**Records for the exercise**
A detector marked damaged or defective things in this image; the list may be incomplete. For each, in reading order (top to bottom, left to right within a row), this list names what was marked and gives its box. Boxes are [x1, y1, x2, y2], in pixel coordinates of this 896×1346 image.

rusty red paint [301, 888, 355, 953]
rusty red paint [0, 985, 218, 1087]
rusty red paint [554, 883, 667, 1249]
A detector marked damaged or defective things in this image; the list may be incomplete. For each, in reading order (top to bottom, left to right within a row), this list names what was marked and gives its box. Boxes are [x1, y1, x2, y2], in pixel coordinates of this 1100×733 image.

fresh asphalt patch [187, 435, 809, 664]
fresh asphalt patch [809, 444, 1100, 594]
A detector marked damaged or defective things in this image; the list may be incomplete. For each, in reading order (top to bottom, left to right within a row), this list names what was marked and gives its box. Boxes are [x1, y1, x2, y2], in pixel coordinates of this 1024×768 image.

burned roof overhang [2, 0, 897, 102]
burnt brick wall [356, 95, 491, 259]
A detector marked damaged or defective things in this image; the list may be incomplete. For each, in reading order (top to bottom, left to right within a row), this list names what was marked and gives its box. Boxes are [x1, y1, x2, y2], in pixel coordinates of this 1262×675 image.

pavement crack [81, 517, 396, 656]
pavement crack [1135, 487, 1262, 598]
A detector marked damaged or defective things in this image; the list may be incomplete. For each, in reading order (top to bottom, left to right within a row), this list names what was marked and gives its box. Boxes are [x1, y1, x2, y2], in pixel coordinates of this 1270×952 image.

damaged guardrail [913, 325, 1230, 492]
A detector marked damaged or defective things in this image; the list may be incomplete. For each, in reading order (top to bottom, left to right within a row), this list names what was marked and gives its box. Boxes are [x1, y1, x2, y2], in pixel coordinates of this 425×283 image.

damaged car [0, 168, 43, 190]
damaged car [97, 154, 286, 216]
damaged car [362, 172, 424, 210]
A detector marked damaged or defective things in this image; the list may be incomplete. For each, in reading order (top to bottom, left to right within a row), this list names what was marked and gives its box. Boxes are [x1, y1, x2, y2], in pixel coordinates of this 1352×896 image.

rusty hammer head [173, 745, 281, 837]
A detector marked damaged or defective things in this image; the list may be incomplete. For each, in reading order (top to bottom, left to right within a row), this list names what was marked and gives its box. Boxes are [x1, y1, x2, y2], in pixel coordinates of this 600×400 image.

**Problem**
Repeat the material exactly. Every line should match.

**Worked solution**
A detector marked damaged or defective things in this image; the list may be incomplete. For each, in reading order (top to bottom, left to right within a row), this list names what was marked and gives its box. Boxes are [x1, y1, x2, y2], in pixel coordinates of this 896×1346 image.

rusty red paint [301, 888, 355, 953]
rusty red paint [0, 985, 218, 1087]
rusty red paint [554, 883, 667, 1249]
A detector marked damaged or defective things in this image; the list may be incomplete. For each, in reading order (top to bottom, left to right within a row), this list names what was marked and gives its box. Boxes are [x1, y1, x2, y2], in pixel coordinates of this 1100×733 image.

fresh asphalt patch [187, 435, 809, 664]
fresh asphalt patch [809, 444, 1100, 594]
A detector marked damaged or defective things in this image; the list may be incomplete. For each, in reading order (top to bottom, left to right within a row), this list names what was marked and gives its box. Boxes are [x1, y1, x2, y2], in pixel coordinates of this 1024×768 image.

burned roof overhang [2, 0, 897, 102]
burnt brick wall [356, 95, 491, 259]
A detector marked damaged or defective things in this image; the list may be incomplete. For each, in reading order (top to bottom, left to right within a row), this list names what was marked and gives its box. Boxes are [x1, y1, x2, y2], in pixel coordinates of this 1262×675 image.

pavement crack [81, 517, 396, 656]
pavement crack [1135, 487, 1262, 598]
A detector marked damaged or defective things in this image; the list may be incomplete. For each, in reading order (top to bottom, left to right within a row), this list names what was marked and gives its box. Boxes are [x1, y1, x2, y2], in pixel coordinates of this 1270×952 image.

damaged guardrail [913, 325, 1230, 492]
A detector marked damaged or defective things in this image; the list may be incomplete. For each, in reading order (top to bottom, left to right within a row), this list names what was marked and gives its box. Boxes are [x1, y1, x2, y2], in pixel coordinates of this 425×283 image.

damaged car [0, 168, 43, 190]
damaged car [97, 154, 286, 216]
damaged car [362, 172, 424, 210]
A detector marked damaged or defective things in this image; the list may be incomplete. For each, in reading order (top to bottom, left to right within a row), this list names what was marked and gives its box. Boxes are [x1, y1, x2, y2], in pixel coordinates of this 1352×896 image.

rusty hammer head [173, 745, 281, 837]
A detector marked damaged or defective things in this image; the list may be incomplete. For each, in reading order (top to bottom, left to right within a row), this list names what was marked and gives its box. Boxes are [x1, y1, x2, y2], in pixel coordinates of this 600×400 image.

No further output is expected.